AVA-Listener orchestrates several subsystems to detect custom wake phrases offline.

Speech Processing Pipeline

graph TD
    A[Microphone] --> B[Audio Buffer]
    B --> C[Silero VAD]
    C --> D[Streaming ASR]
    D --> E[Phrase Variants]
    E --> F[Confidence Filter]
    F --> G[Cooldown]
    G --> H[Wake Event]

Startup Flow

graph TD
    A[npm install] --> B[npx ava-listener setup]
    B --> C[Runtime validation]
    C --> D[Model verification]
    D --> E[Runtime startup]
    E --> F[Listening Ready]

πŸš€ Package Usage

The canonical package workflow is the real SDK usage that ships with ava-listener. Attach listeners before calling start() so lifecycle, bootstrap, download, runtime, and wake events are all captured.

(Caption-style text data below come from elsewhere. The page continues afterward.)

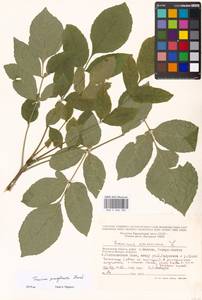 Fraxinus pennsylvanica Marshall, Eastern Europe, Moscow region (E4a) (Russia)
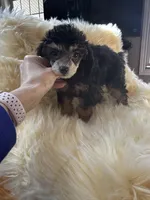 Toy Phantom boy, a male Poodle - Toy  for sale in Flint, MI – Photo 2 of 3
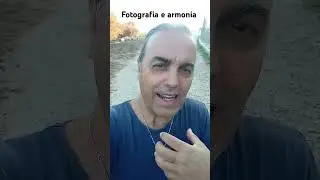 26 agosto 2024
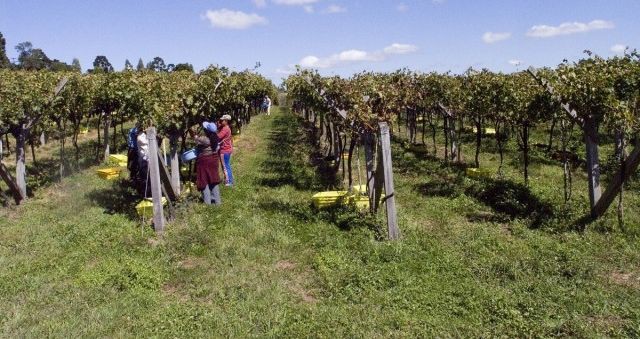 Pacote estimula turismo de rotas vinícolas no Sul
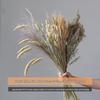 Wabi-sabi Dried Flower Arrangement: Reed, Pine Cones, Cotton, Wheat, Poppy Bouquet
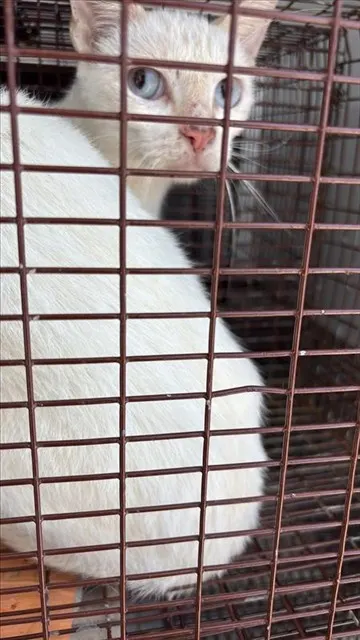Adoptable Cat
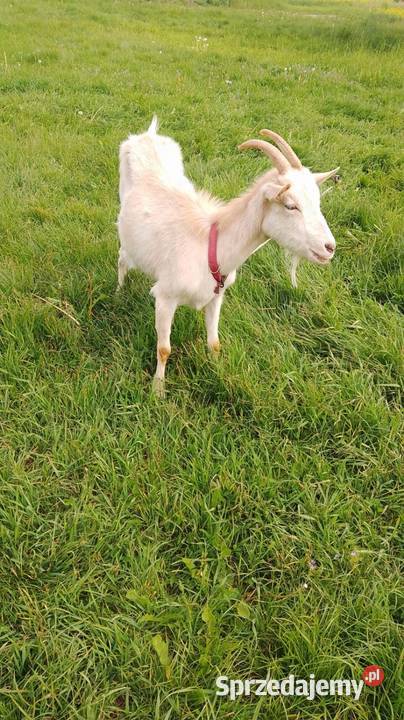 koza mleczna seańska 70 Biszcza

const { AVAListener } = require("ava-listener");
const path = require("path");

async function run() {

    const listener = new AVAListener({
        profile: path.join(
            __dirname,
            "arvsal.json"
        ),
        debug: true
    });

    listener.on(
        "bootstrap-start",
        () => console.log("[BOOTSTRAP]")
    );

    listener.on(
        "download-progress",
        (x) => console.log(
            "[DOWNLOAD]",
            x
        )
    );

    listener.on(
        "runtime-ready",
        () => console.log("[RUNTIME READY]")
    );

    listener.on(
        "wake",
        (e) => console.log(
            "\nWAKE:",
            e
        )
    );

    listener.on(
        "partial",
        (t) => console.log(
            "[ASR]",
            t
        )
    );

    listener.on(
        "error",
        (e) => console.error(
            "[ERROR]",
            e
        )
    );

    await listener.start();
}

run().catch(console.error);

Event System

AVA-Listener emits runtime events during startup, model management, ASR streaming, wake detection, and runtime errors.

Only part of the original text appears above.